- [Task instructions]: Return verbatim the run of lines that opens with the line holding "this 1280×720 image." and closes with the last line of the records.

- [Data under study]:
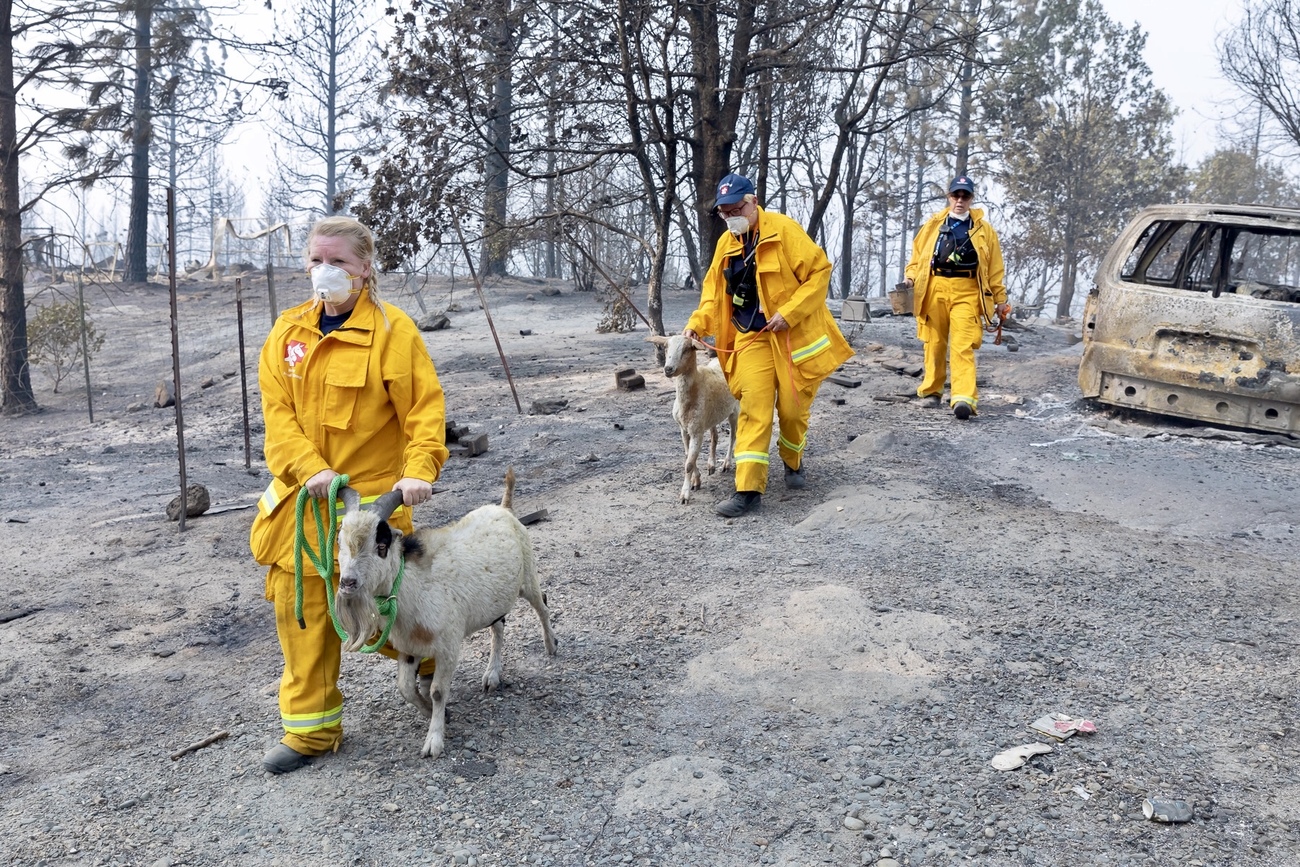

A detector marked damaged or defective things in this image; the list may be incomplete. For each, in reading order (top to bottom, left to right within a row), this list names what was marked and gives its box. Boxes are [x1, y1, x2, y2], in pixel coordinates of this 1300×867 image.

burned car window frame [1076, 201, 1300, 434]
burned car wheel [1076, 201, 1300, 434]
burned car wreck [1076, 202, 1300, 434]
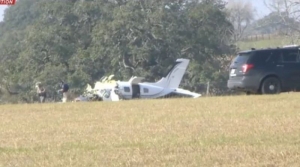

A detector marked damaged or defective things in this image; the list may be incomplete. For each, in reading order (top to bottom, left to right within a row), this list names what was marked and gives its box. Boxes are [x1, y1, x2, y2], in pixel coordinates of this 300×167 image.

crashed small airplane [74, 58, 202, 101]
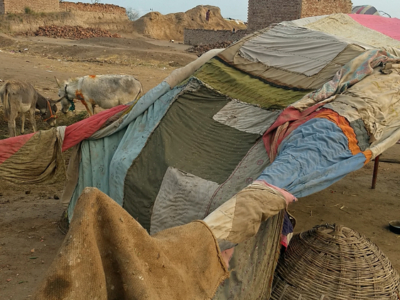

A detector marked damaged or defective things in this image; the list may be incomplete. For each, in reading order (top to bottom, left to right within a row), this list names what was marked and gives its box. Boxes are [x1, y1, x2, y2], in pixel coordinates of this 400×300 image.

tattered cloth [34, 189, 228, 298]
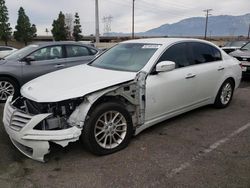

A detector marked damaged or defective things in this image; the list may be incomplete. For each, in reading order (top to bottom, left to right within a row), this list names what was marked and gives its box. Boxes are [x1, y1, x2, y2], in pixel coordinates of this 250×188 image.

crumpled front bumper [2, 97, 82, 162]
hood damage [2, 71, 146, 162]
damaged white sedan [2, 38, 242, 162]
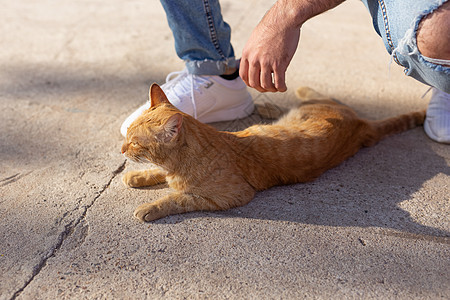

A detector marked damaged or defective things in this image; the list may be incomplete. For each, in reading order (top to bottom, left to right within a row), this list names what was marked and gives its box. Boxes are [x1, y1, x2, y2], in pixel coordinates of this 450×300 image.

crack in concrete [9, 161, 125, 298]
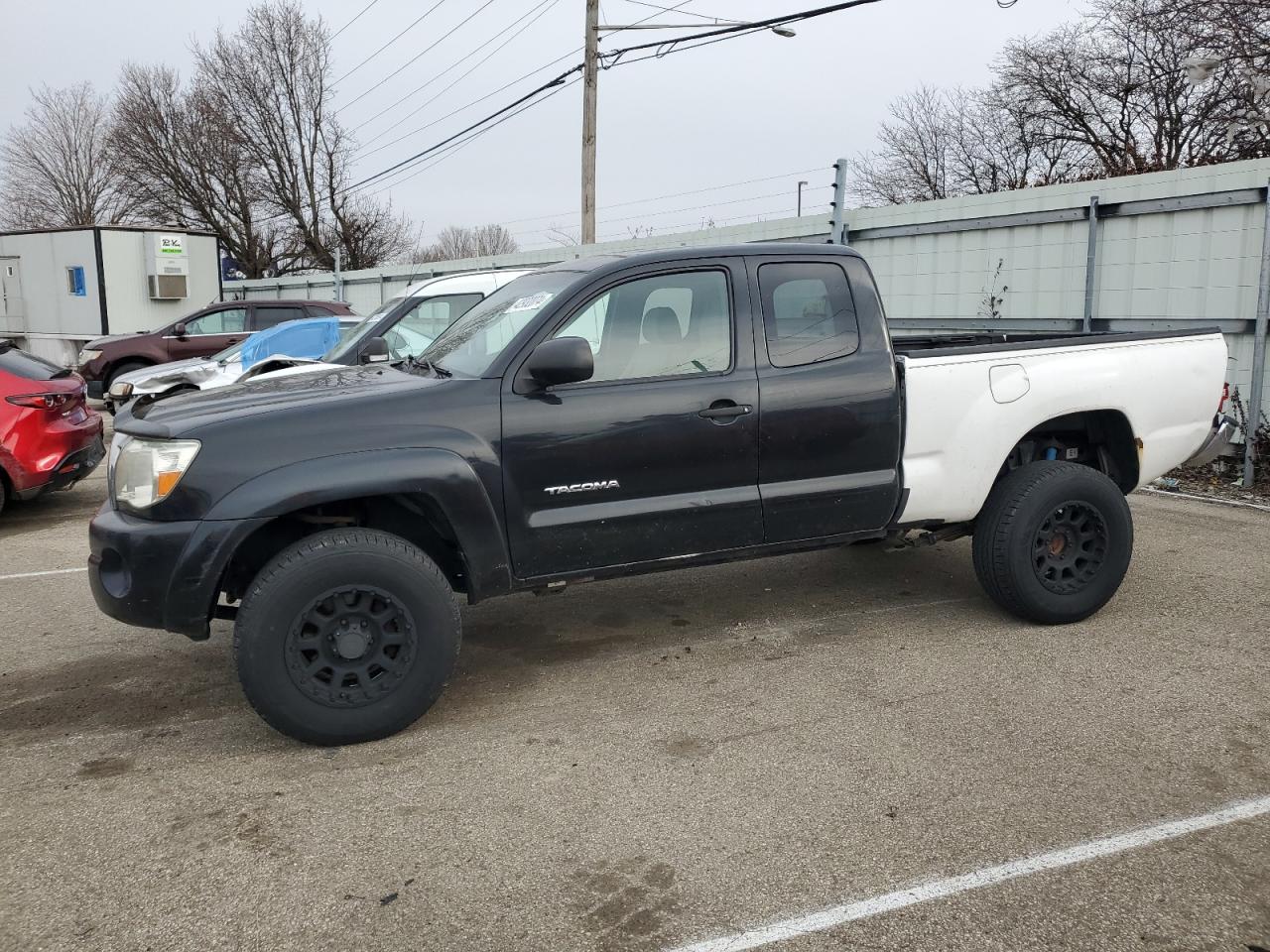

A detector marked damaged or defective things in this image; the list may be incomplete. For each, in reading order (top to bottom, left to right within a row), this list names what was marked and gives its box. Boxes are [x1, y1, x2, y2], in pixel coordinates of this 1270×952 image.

red damaged car [0, 340, 105, 515]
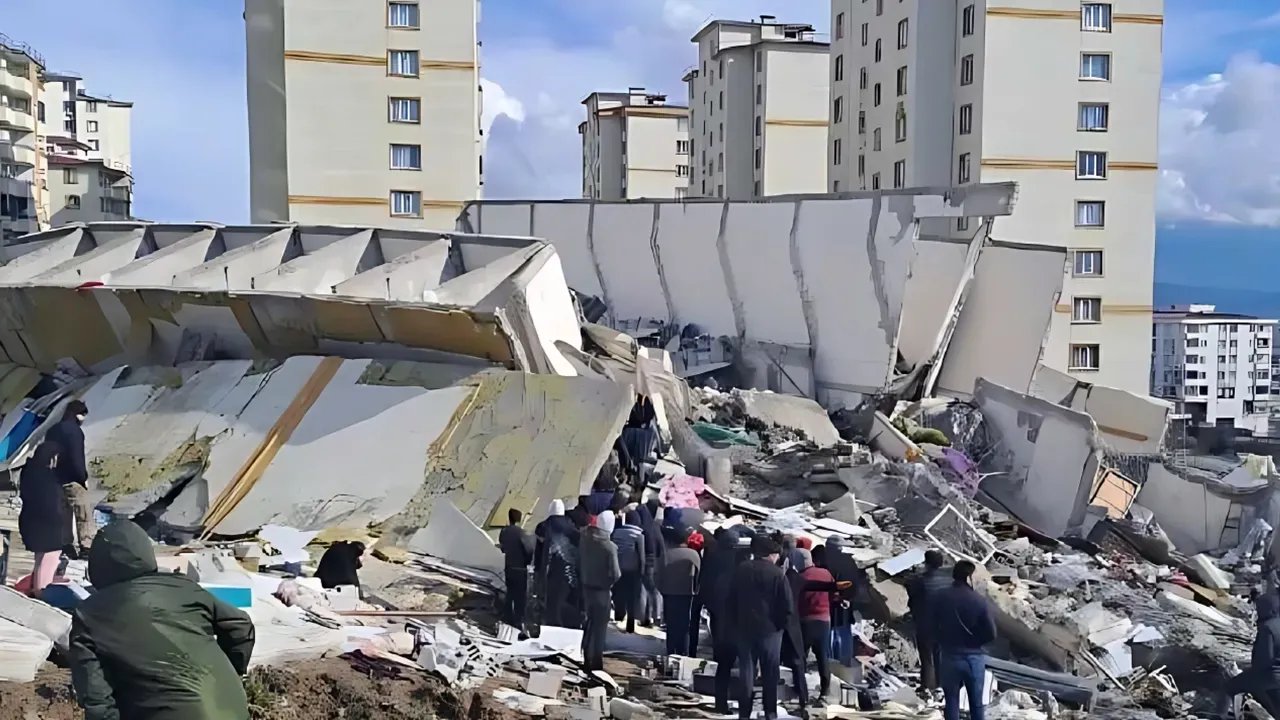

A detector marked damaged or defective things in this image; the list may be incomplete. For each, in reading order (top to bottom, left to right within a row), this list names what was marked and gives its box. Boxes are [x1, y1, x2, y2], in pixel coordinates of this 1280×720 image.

earthquake damage [0, 193, 1272, 720]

- [Response to the task]:
A detector marked damaged or defective things in this image; the list may be incomplete. For each, in reading order (top to bottom, left to right within a row), this list names what was marked and gives its box. Boxes are [x1, y1, x2, y2], in pixel coordinates of this 1280×720 image.

earthquake damage [0, 193, 1272, 720]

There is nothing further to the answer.